一昨日から昨日にかけて子供さんの臓器提供のニュースが出ていた。15歳未満(6歳未満の小児ではない)の子供さんが脳死となり、ご家族が臓器の提供の承諾をされ、心臓などの移植が行われる、という記事。ご家族の尊いコメントも載せられていた。法律改正で可能となった15歳未満の子供さんからは家族の同意で脳死での提供が可能となり、この子供さんが13例目と書かれている。少しずつではあるが小児の臓器提供も進みつつある。

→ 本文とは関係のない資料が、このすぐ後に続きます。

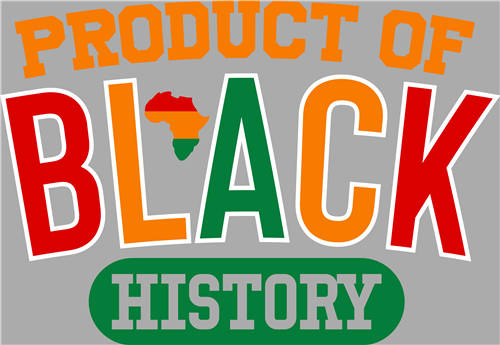 Black History in 1865-LY 632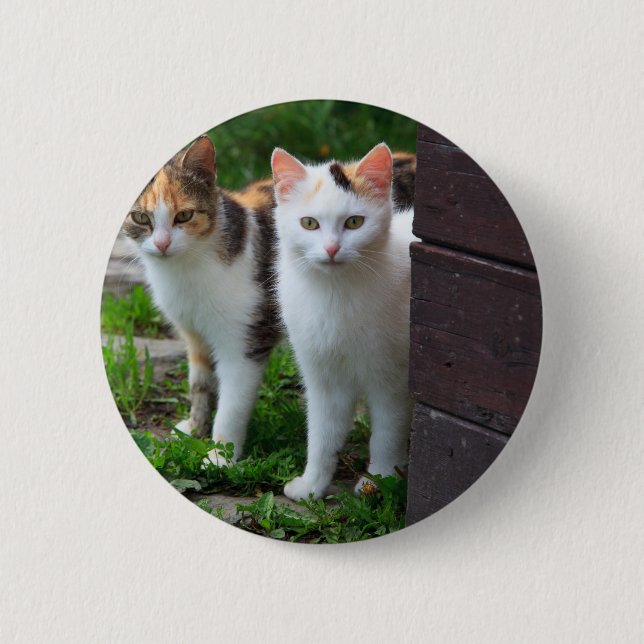 Cats out playing button (Front)
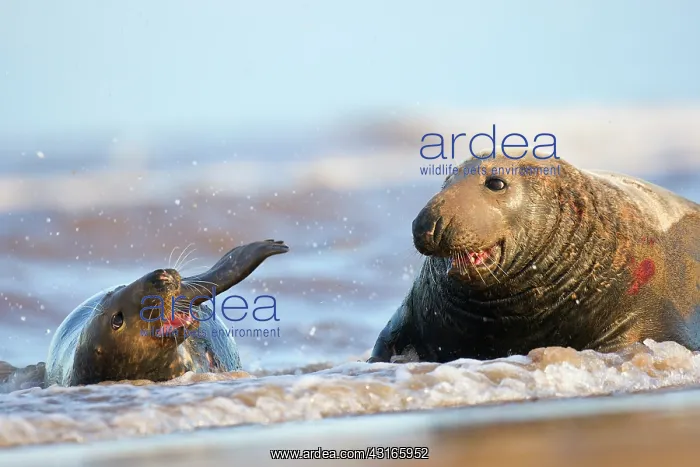 : Grey Seal (Halichoerus grypus) fighting in surf : Grey Seal (Halichoerus grypus) fighting in surf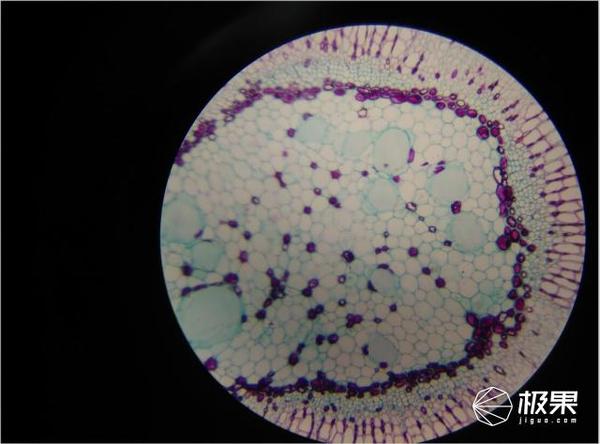 wzatv:【j2开奖】晒物 | 凤凰光学显微镜，换个方向来看看微观世界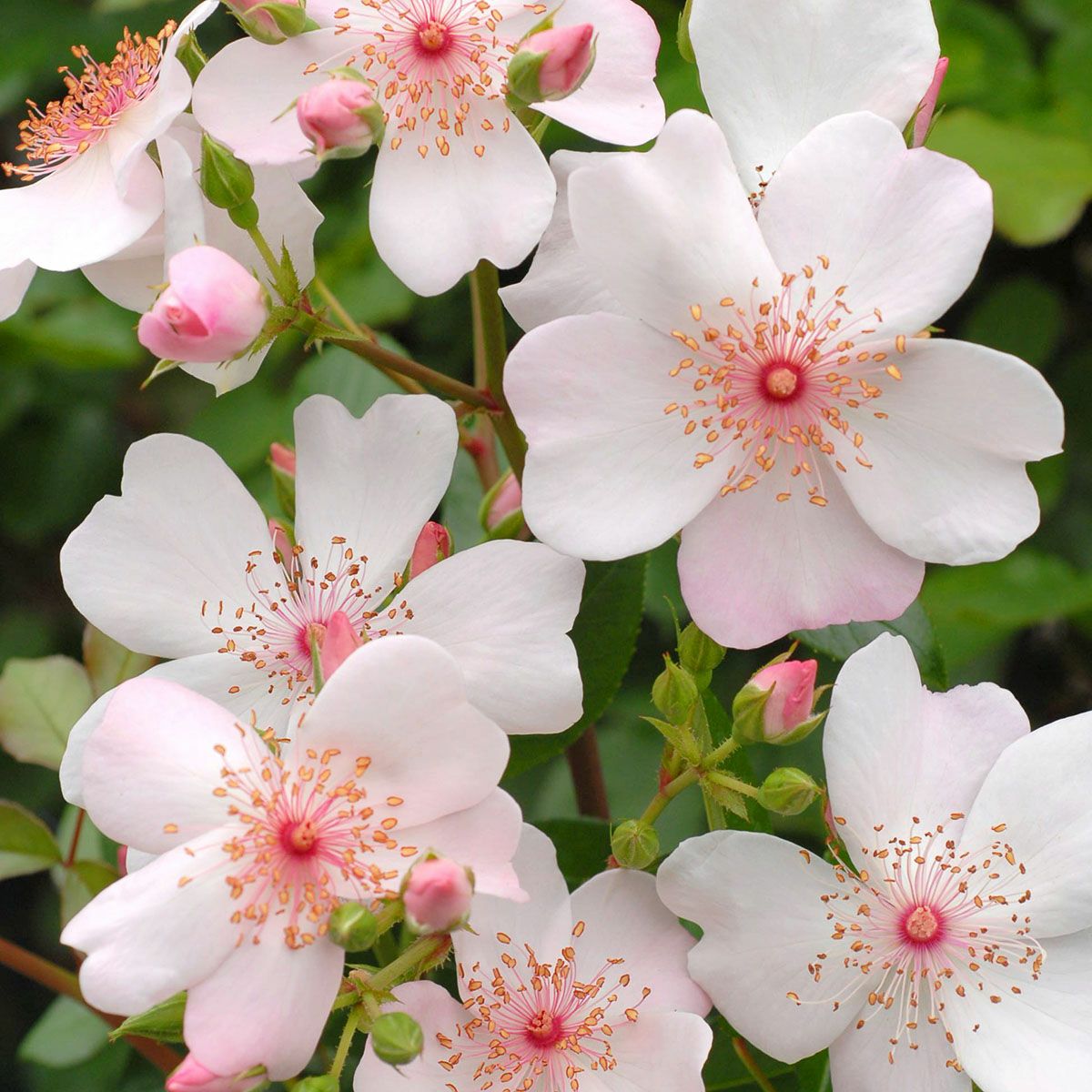 バラ苗 【ピンクサクリーナ】 (大苗) シュラブ 半つる性 四季咲き 中輪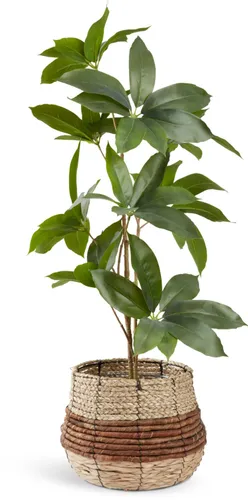 Maceta TERJE Ø25xA23cm natural en Madera natural - Macetas, Uruguay | JYSK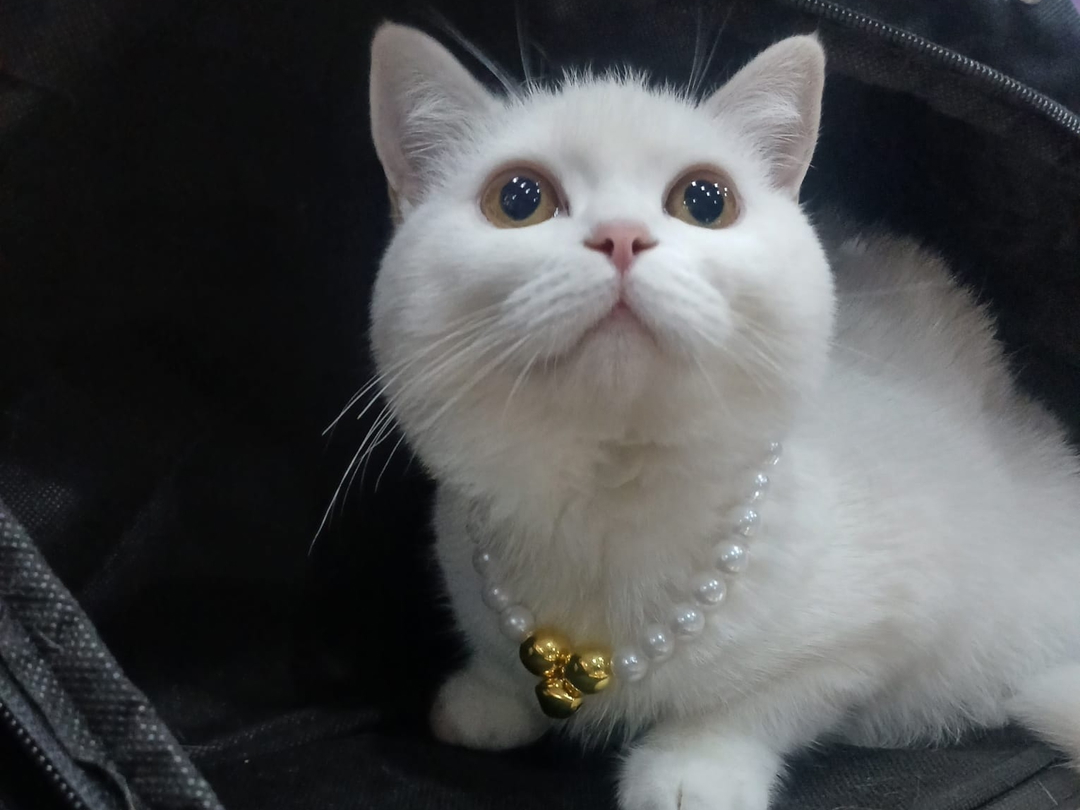 Gul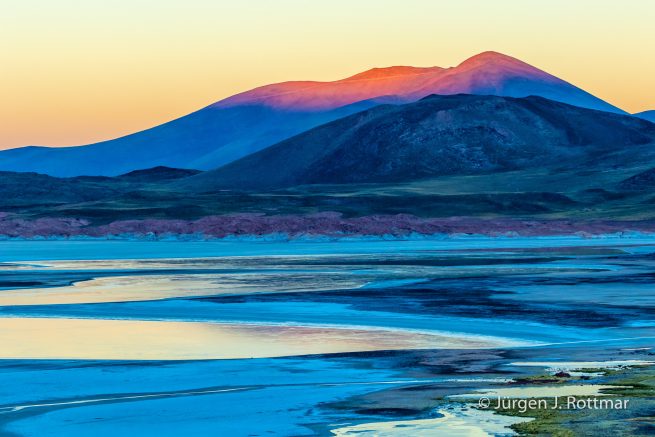 Chile | Laguna Salar de Talar (4'012 m)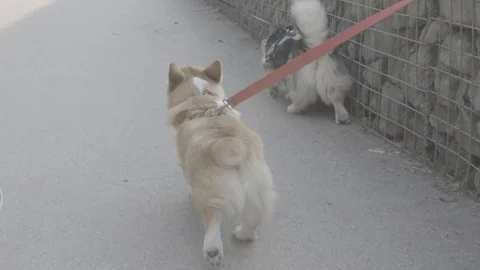 Walking together. Stock Footage 124755593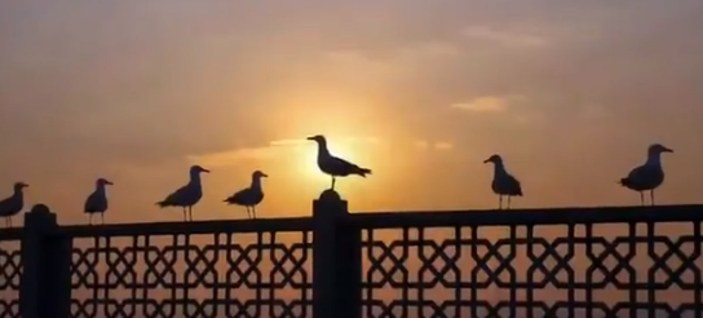 Bakan Koca'dan videolu uyarı: Büyük baharı bekliyoruz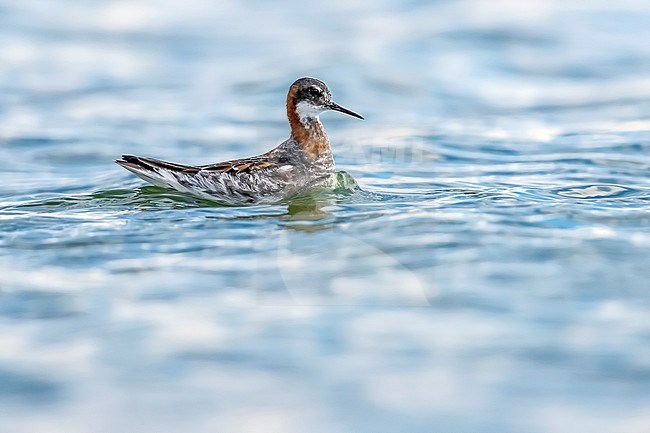 Probable male moulting Red-necked Phalarope (Phalaropus lobatus) swimming on a reservoir near Atyrau, Western Kazakhstan. stock-image by Agami/Vincent Legrand,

少し軽い話として、昨夜のTVドラマでは、企業に勤めるエンジアの母親が、心臓病の子供を米国に心臓移植を受けに行かせるため数億円という費用を捻出しないといけない、というなかで、企業がその費用を用意するという条件で母親を犯罪に巻き込んで行ったというシナリオである。渡航移植の費用が巨額になっていること、米国に行かなければ助からないということ、などの背景が企業犯罪とこれに対峙する警察のTVドラマにまで登場するのかと、複雑な気持ちになった。渡航移植の数億円という費用の捻出に親たちが現実にどれほど苦しんでいるかを思うと、ドラマを楽しむよりやるせない気持ちになる。ただ、高額費用の渡航心臓移植について社会問題化していることを表しているのかもしれない。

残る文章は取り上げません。